Ci sono gol che valgono una stagione, altri che valgono una carriera. E poi ce ne sono alcuni che sembrano sospendere il tempo, perché arrivano dal protagonista meno atteso. Il colpo di testa di Anatoliy Trubin in Benfica-Real Madrid appartiene a questa categoria rara. Ultimo assalto, palla scodellata in area, il portiere che attraversa tutto il campo lasciandosi alle spalle la propria porta e si trasforma, per un istante, in centravanti. Trubin stacca più in alto di tutti e segna il gol che spalanca al Benfica di José Mourinho le porte dei playoff europei. Un’esultanza liberatoria, quasi primordiale, che restituisce al calcio la sua dimensione più istintiva.

Da quell’immagine si riaccende un tema antico e affascinante: quello dei portieri goleador nelle competizioni europee. Episodi rari, spesso figli della disperazione, ma quasi sempre decisivi.
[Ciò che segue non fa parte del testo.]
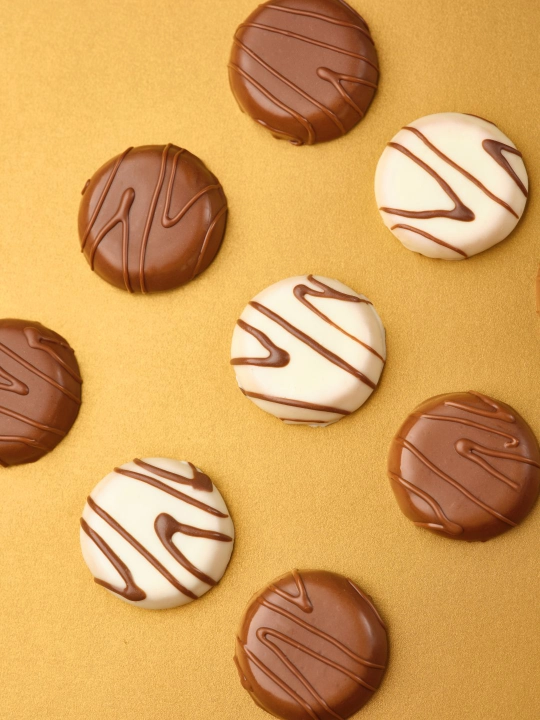Karamel solingan pechene biskvit, sut va oq glazurda, 2 kg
Uno dei protagonisti è stato Gilbert Bodart nel 1986, quando lo Standard Liegi strappò un pareggio contro il Rijeka grazie alla sua rete. Da lì in poi, ogni gol di un portiere è diventato un evento. Peter Schmeichel, nel 1995, firmò il 2-2 del Manchester United contro il Rotor Volgograd, incarnando alla perfezione lo spirito dei Red Devils di quegli anni: non arrendersi mai, nemmeno quando il tempo sembra finito.